Arkeolojik bir çalışmanın aşamaları şöyledir:
1. YÜZEY ARAŞTIRMASI:
Arama bir arkeoloğun işidir. Yeraltında bulunan eski kültür kalıntılarını çıkarmada titiz bir çalışma yapmak gerekir. Arkeolojik Yerleşmelerin bulunması, belgelenmesi ve bunların herhangi bir kazı işlemine başvurulmadan bilimsel yöntemlerle incelenmesi, toprak üstündeki kalıntılarının elde edilip yorumlanmasına ” yüzey araştırması ” denir. Henüz bilinmeyen arkeolojik yerler, açık arazide yürüyerek ya da araba ile dolaşılarak bulunur. Amaçlı olarak yapılan bu araştırma, arkeolojik yüzey araştırmasının gerekli bir bölümüdür ve çalışmanın ilk basamağını oluşturur. Toprak üstü arama-yüzey araştırması- çeşitli merkezler üzerinde uygulanabilen bir yöntemdir.

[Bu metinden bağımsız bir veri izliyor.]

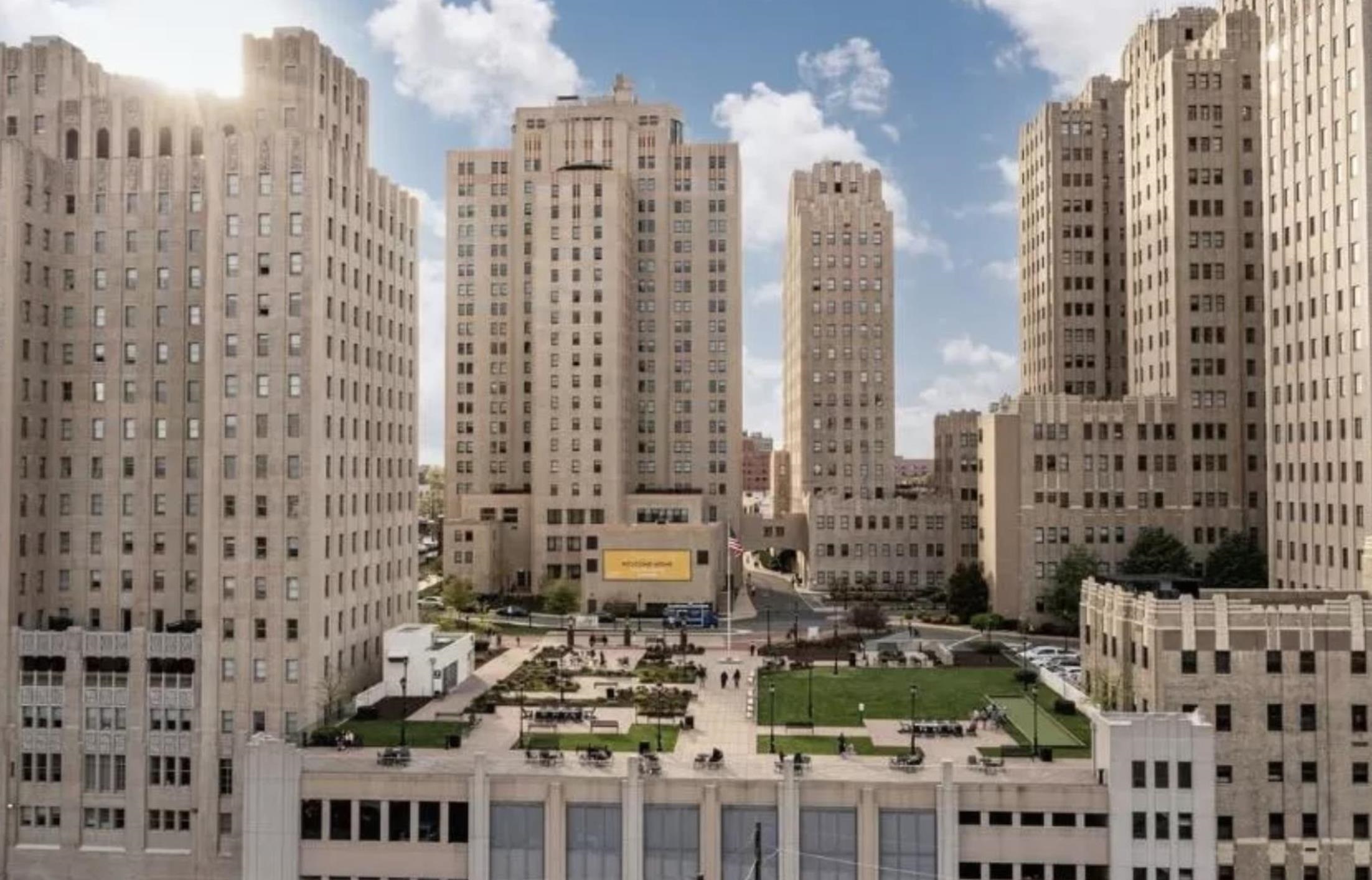 201 CORNELISON AVE Unit: 105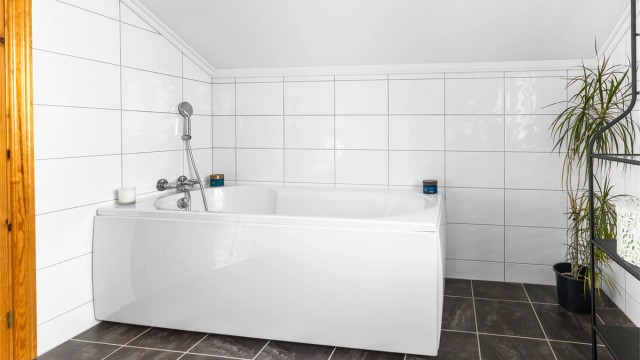 Innebygd badekar plassert under skråtaket.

Yüzey araştırması tek arkeolog tarafından yapılabileceği gibi bir ekip tarafından da yapılabilir. Yüzey araştırması da tıpkı arkeolojik kazıda olduğu gibi Kültür ve Turizm Bakanlığı, Kültür ve Tabiat Varlıklarını Koruma Genel Müdürlüğü’nün izni ile yapılır. Araştırmayı yapan kişi veya ekip araştırma sonucu raporunu Kültür ve Turizm Bakanlığı, Kültür ve Tabiat Varlıklarını Koruma Genel Müdürlüğü’ne sunar.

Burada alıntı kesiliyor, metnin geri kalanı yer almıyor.